If the angle is off, how does one correct that? My understanding is that the cheek plates need to be moved. I would also assume that just drilling more holes in the existing cheek plates could weaken them(?)... so new ones need to be made?

How does one realize the angular correction via new cheek plate position? Is there a formula that applies to all? E.g.: Move the holes back a half inch = 2d of nose down... or?

As I approach mounting a different engine etc on my machine, these are the things I am thinking about and need to fully understand.

Thanks to all
 
I am no expert, but have done hang tests on a number of machines now that fly, so I'll take a wag at it. I will not be offended in the least if someone feels inclined to overturn or correct any of my assertions:

The rotorhead hangs straight (laterally) and once pressure is on the strap or hook, lateral "drift" has never been a problem. I suppose you could use washers or spacers if you wanted to mitigate this. I don't think it would make a measurable differenence if it was off left or right. You are measuring front to back angle. Keeping the rotorhead centered, front to back, is more important. I use wooden shims at the rotorhead rather than to rely on the pilot.

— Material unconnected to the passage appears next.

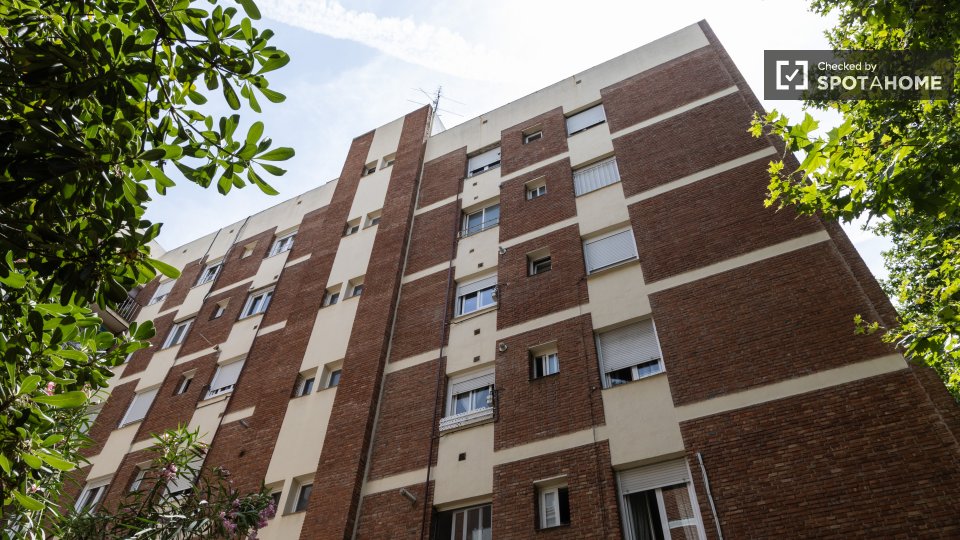 Double room Madrid, 5 beds — photo 13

Each manufacturer has their own instructions. Generally, for those machines that have masts at a 9 degree back-angle from the keel, the MAST should hang 0-3 degrees nose down when loaded. This assumes a check with the stick centered. Some test prefer the stick full forward or full aft. Since the range of movement of a normal gyro rotor head is 18 degrees, the non-center results should be corrected 9 degrees plus or minus as appropriate. Machines with other than 9 degree mast angles (such as the a stock bee, for example) may need different values, depending on what has been done with cheek plate angles or other adjustments.

I assume in question 3 you are referring to your own personal indicator. The MAST should PHYSICALLY be near to 90 degrees from good ole' earth. Some indicators may read 90 degrees when placed on the keel. If that is so, you will have to correct for your indicator.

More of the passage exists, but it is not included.